Task to carry out
In the entries below, find the line with "Daytona Wall Clock | Rose Gold And Black" and the line with "Hand hold brightly", then retype both and everything between them exactly. Do not copy the pictures.

Input material
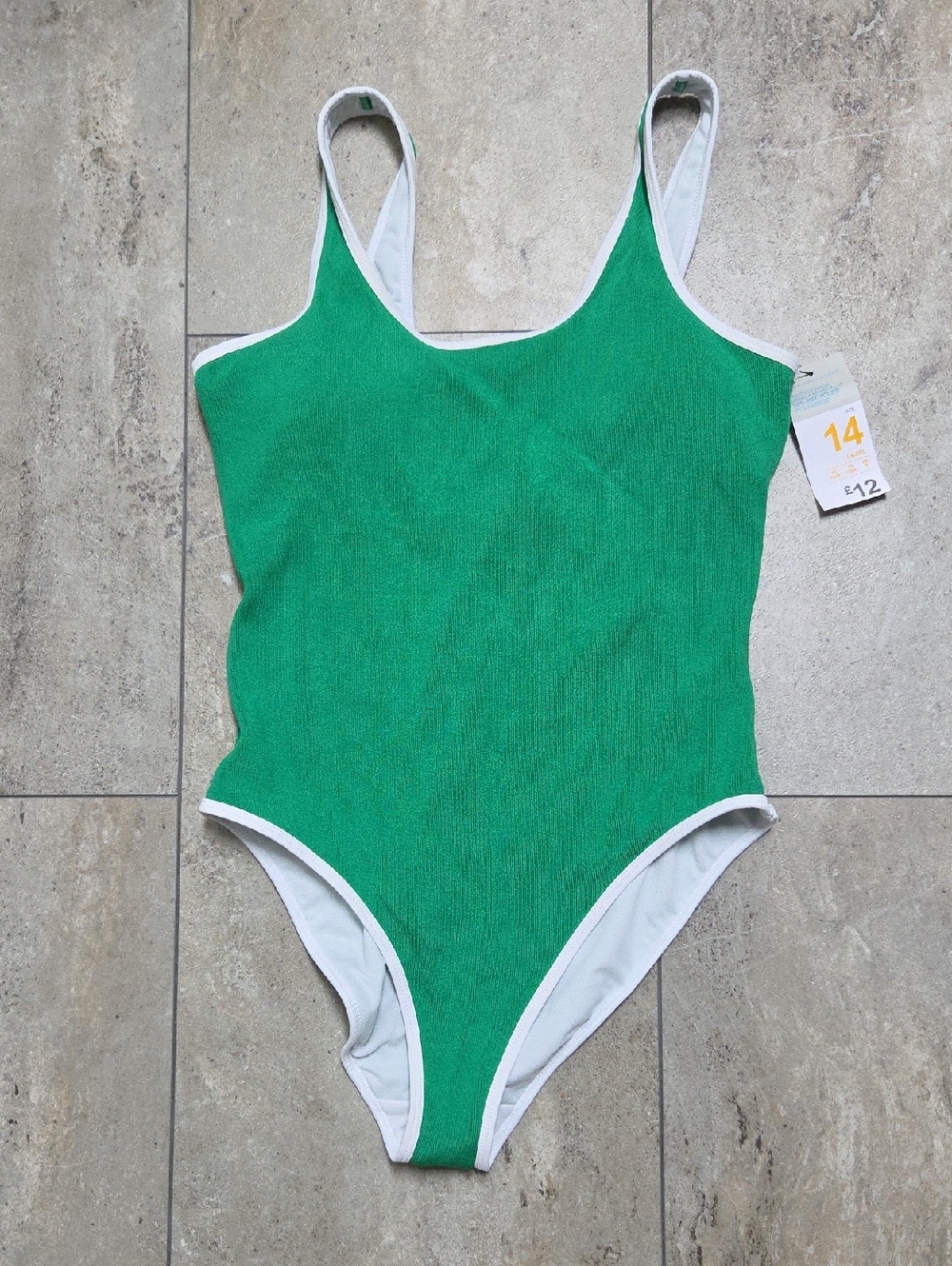 Primark Green One-Piece Swimsuit with White Trim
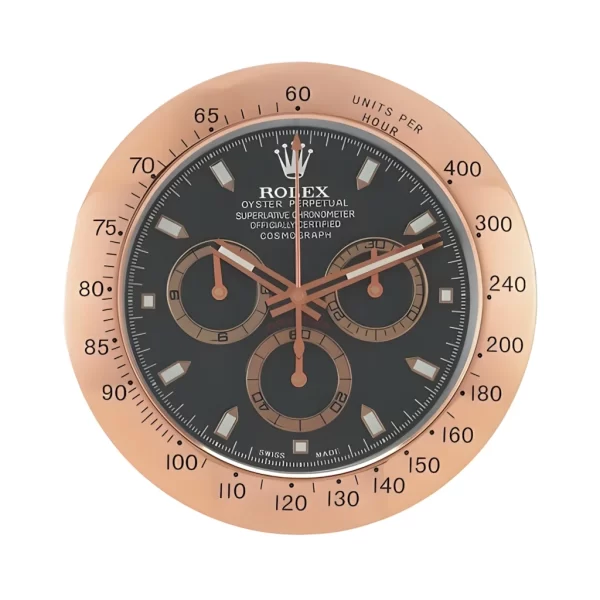 Daytona Wall Clock | Rose Gold And Black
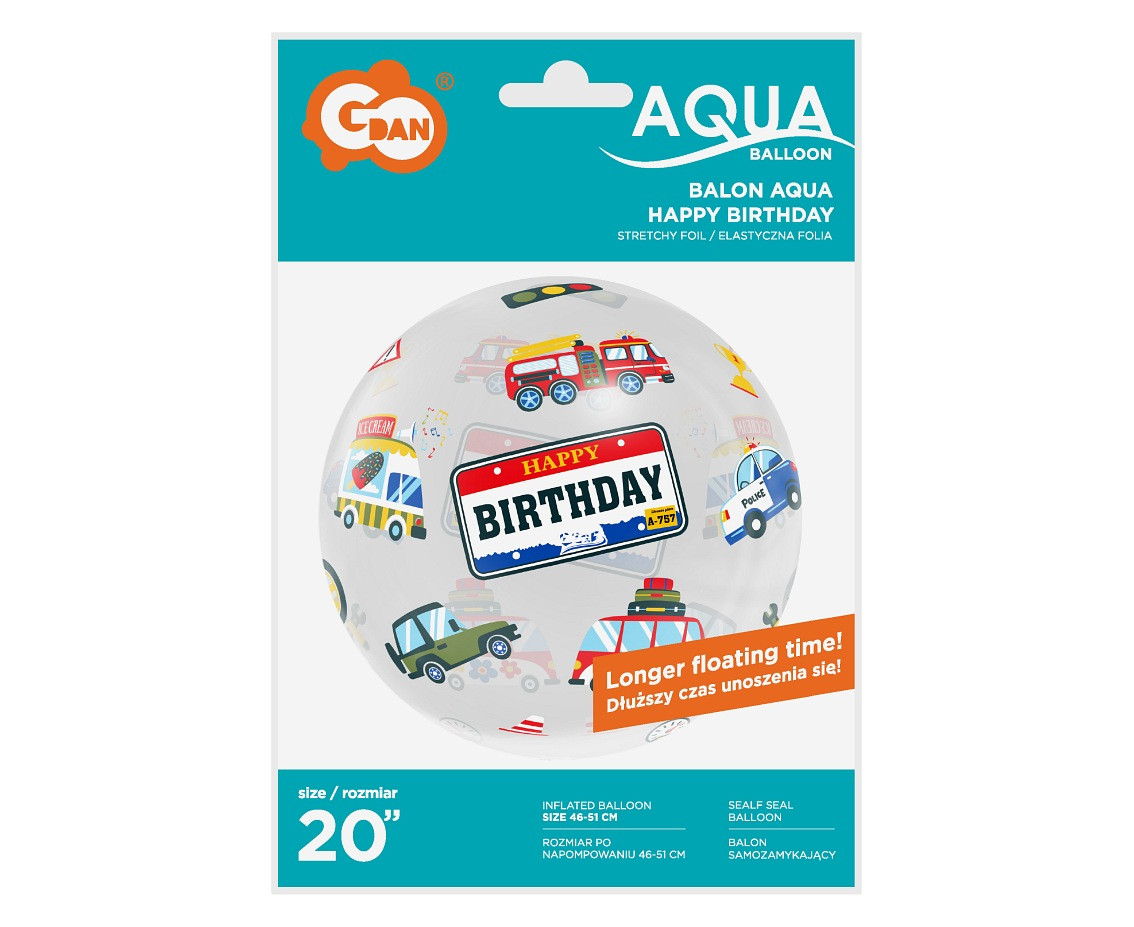 Aqua - crystal balloon Happy Birthday (vehicles), 20" EOL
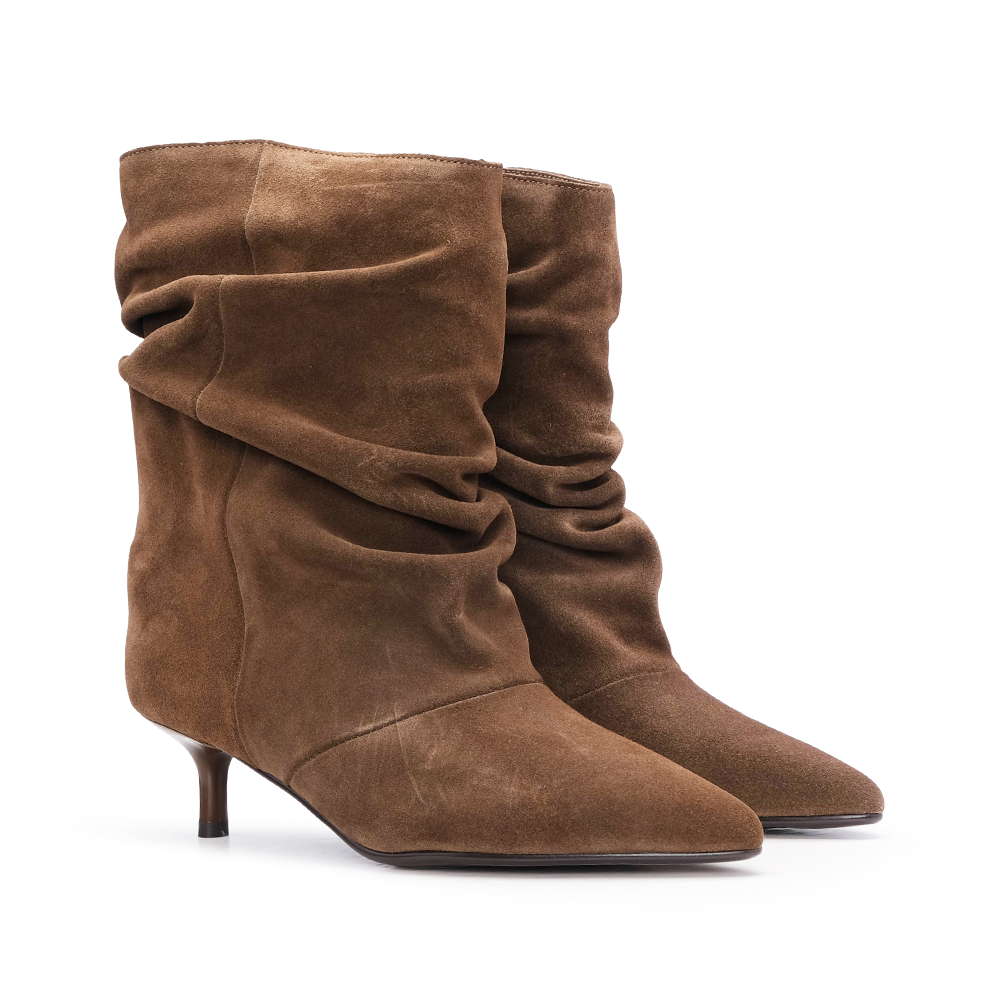Bota Salto Médio Mulher Camurça Taupe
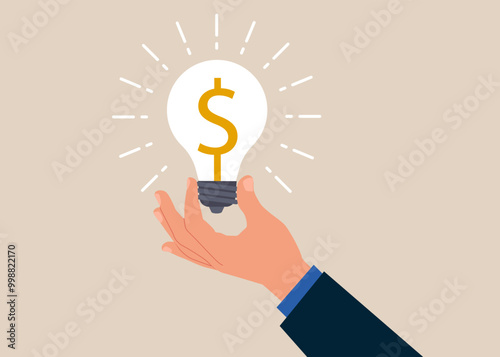 Hand hold brightly lit money dollar lightbulb idea. Business idea to make money or profit. Flat vector illustration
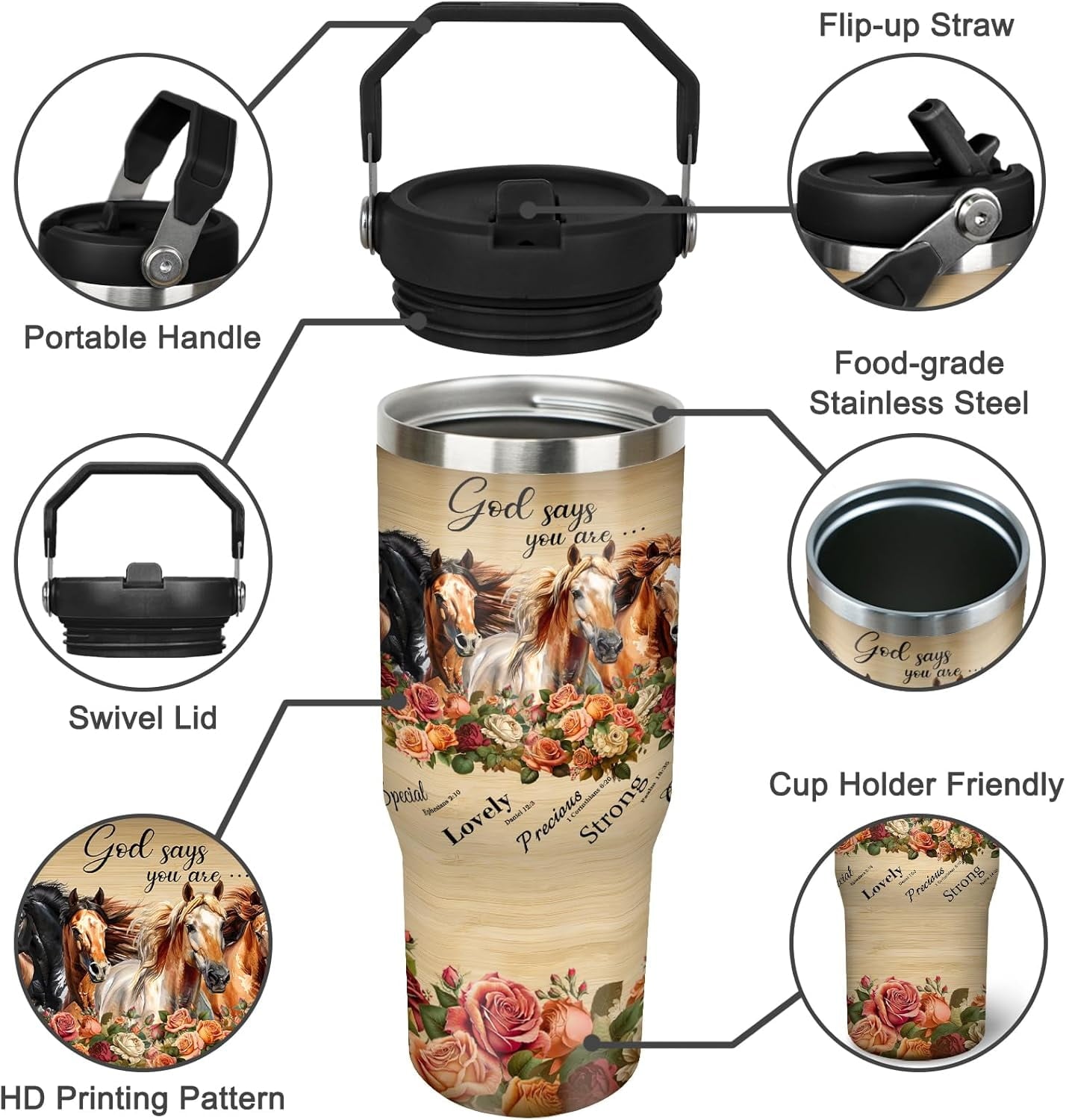30oz Horse Tumbler Cup with Handle, 30 OZ Christ Christian Horse Travel Coffee Mug Water Bottle Stainless Steel Vacuum Insulated, Horse Decor Stuff Gifts for Women Girls Horse Accessories
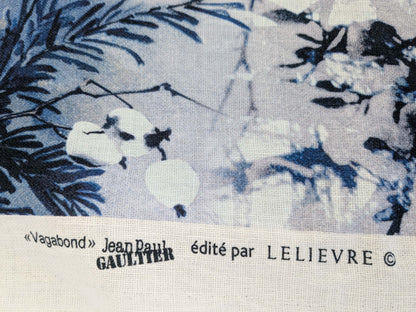2.4y x 53"w Scalamandre Lelievre Jean Paul Gaultier Paris Vagabond Encre Linen Botanical Foliage Scenic Print Blue White MSRP USD 500+/Y 28-Ev49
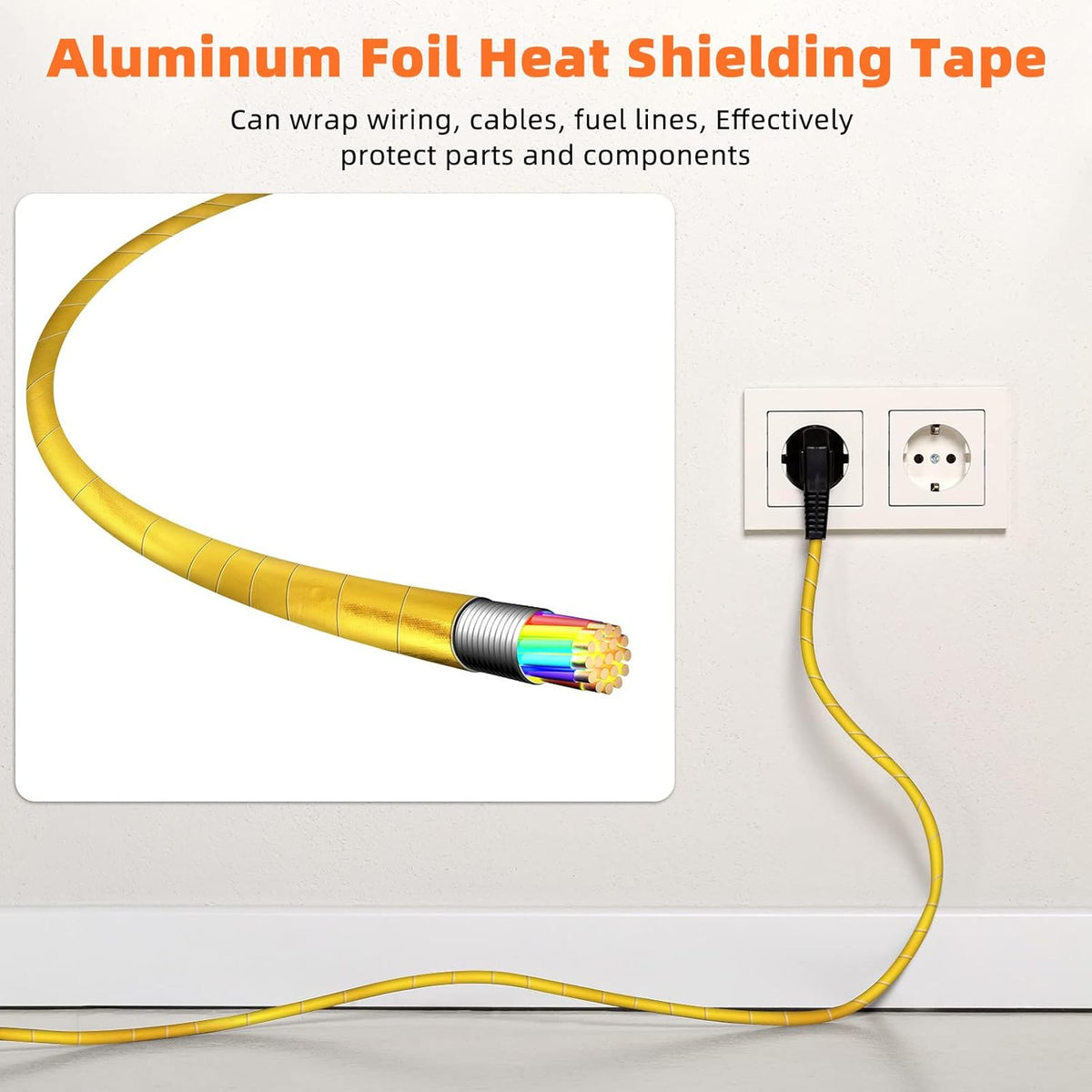 Zonon 2 Rolls Aluminum Foil Tape Heat Shield Tape Barrier Adhesive Reflective Fiberglass Thermal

Your response
 Daytona Wall Clock | Rose Gold And Black
 Aqua - crystal balloon Happy Birthday (vehicles), 20" EOL
Bota Salto Médio Mulher Camurça Taupe
 Hand hold brightly lit money dollar lightbulb idea. Business idea to make money or profit. Flat vector illustration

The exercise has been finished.